On Turning Thirty-Two


Thirty-two doesn't seem like much of a milestone. I passed through it earlier this month in a haze of anxiety and exhaustion, frantically working to some deadlines, which have thankfully passed, though the tiredness remains. If not for people around me who were kind enough to celebrate the day for me, it would probably have gone unnoticed. I suppose there is something to be learnt from this... But in any case I am deeply thankful that there have always been people around me who cared enough to celebrate my life!

Thirty-two seems an in-between stage. I am over the point of really being a 'youth' with the struggles and joys of youth - discovering my identity; the boundless sense of possibility; the restless, persistent questioning about the meaning of life and what I am to do with it; the righteous certainties and idealism about the way things should be.

The questions are still there, of course... But having grown a little in experience and having made some commitments I am less disturbed by them now, and a little more open to what is. The contours of myself - my gifts and weaknesses, my desires and fears - are a little more mapped out now (though of course the struggle with them remains). I have journeyed a little further with God, chipped away a bit at the illusion that I am in control of my life, and have enjoyed more of life's continual surprises - though sometimes through tears – so that I am a little more trusting of the One who holds my hand.
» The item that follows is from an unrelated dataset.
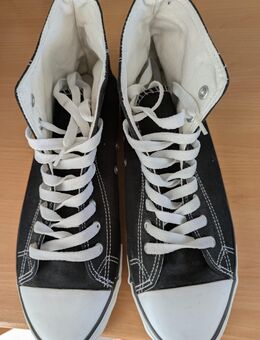 Schwarze Herrensneaker Größe 44 ungetragen - Augsburg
I have seen more of the suffering and contradictions of the world and agonized more deeply over them, but also come to realize that there is no definitive solution, and that I am called to live in the tension between the "already and not yet".

At the same time, I have not yet come to the point of truly accepting what is (if that happens!). At thirty-two, the words of Rilke to the young poet still speak to me:

"I want to beg you as much as I can... to be patient toward what is unsolved in your heart and try to love the questions themselves... Do not now seek answers that cannot be given you because you would not be able to live them. And the point is to live everything. Live the questions now. Perhaps you will then gradually, without noticing it, live along some distant day into the answer. ... Take whatever comes with great trust, and if only it comes out of your will, out of some need of your innermost being, take it upon yourself and hate nothing."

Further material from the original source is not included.